One family, however, survived the destruction of their race. Noah with his wife and children, secure in their spacious vessel, ride safely over the conflicting waters; preserved on account of the righteousness of the patriarch, and designed to re-people the desolated earth. For months they moved slowly over the vast ocean, till, the waters beginning to subside, the ark rested on one of the mountains of the east. But it was not the work of a moment to repair the evils of such a deluge, and they were obliged to remain much longer imprisoned in their abode. By degrees the mountain tops appeared. Higher and higher they seemed to rise, whilst the waters sunk away, till the streams ran more confined from the valleys, and islands and continents took their present form. The sun exhaled the moisture from the reviving earth, and Noah impatiently awaited the moment of deliverance from the ark. Twice he sent forth a dove, and the second time she returned with an olive-branch as a proof that the lowlands were free from water. He opened the ark and was rejoiced to look once more upon the green bosom of the earth.

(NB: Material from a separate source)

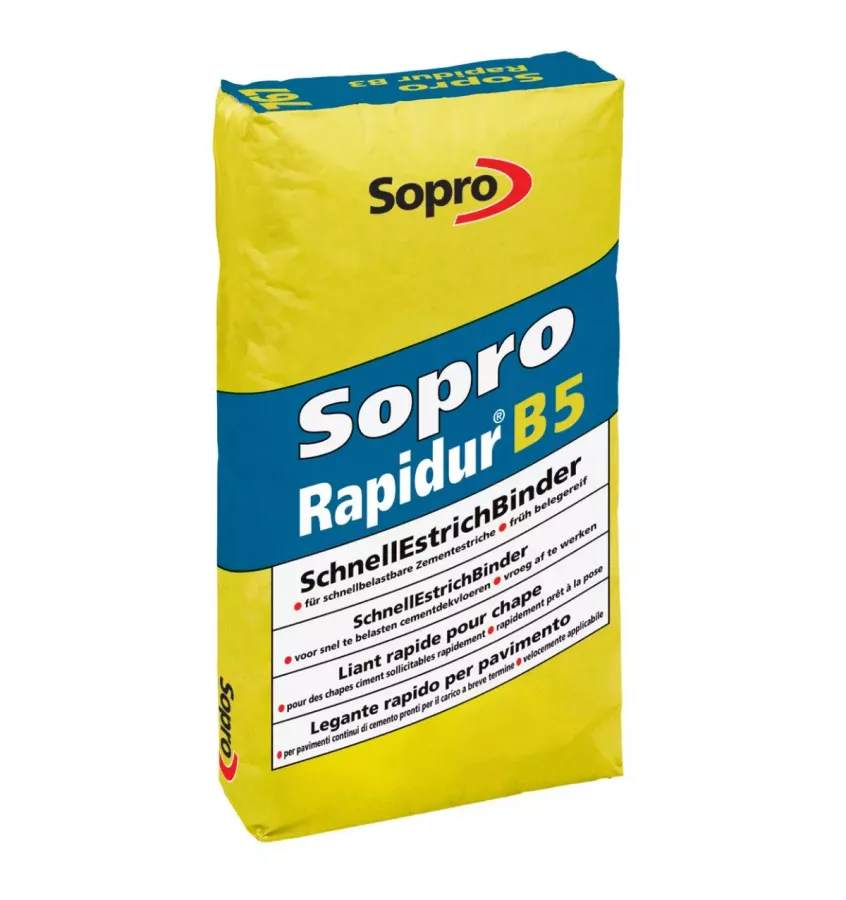 Sopro - rychle tuhnoucí lepidlo pro potěry Rapidur B5 767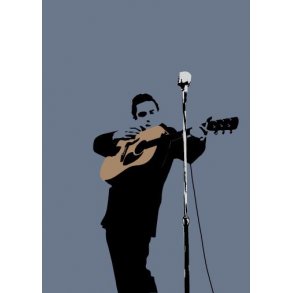 Pop Art: Johnny Cash - Greeting Card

After another short interval had elapsed, God himself called to him, and bade him remove from the now unnecessary shelter, and give liberty to all the creatures which had been his inmates, that they might go forth and multiply in the earth.

Sweet must have been his sensations, when he led forth his happy family from the ark which had been for more than a year their gloomy abode, in which they had often shuddered at the horrors of the flood, and the cries of their perishing fellow-creatures. But how changed was the scene! When the ark received them as its inmates, all around was life and bustle. Planting and building, marrying and giving in marriage, occupied the attention of the busy and heedless mortals, while the sound of the laborer, the peal of laughter, and the shout of noisy mirth, were heard around. Alas! how changed from what it was! No human being met their eye; nor friend nor relative greeted them when they stept again upon the earth, and felt themselves free to dwell there. Silence and desolation reigned around; and the fate of his brethren, and the cheerless aspect of nature, filled the patriarch's mind with sadness. Still, he did not forget, that he and they who were dearest to him, had been saved from the general wreck; that his and their life had been preserved, though all besides had perished; and he called upon them to prostrate themselves before that Being who had preserved them, and permitted them again to breathe the refreshing air, and to resume their life-supporting labors.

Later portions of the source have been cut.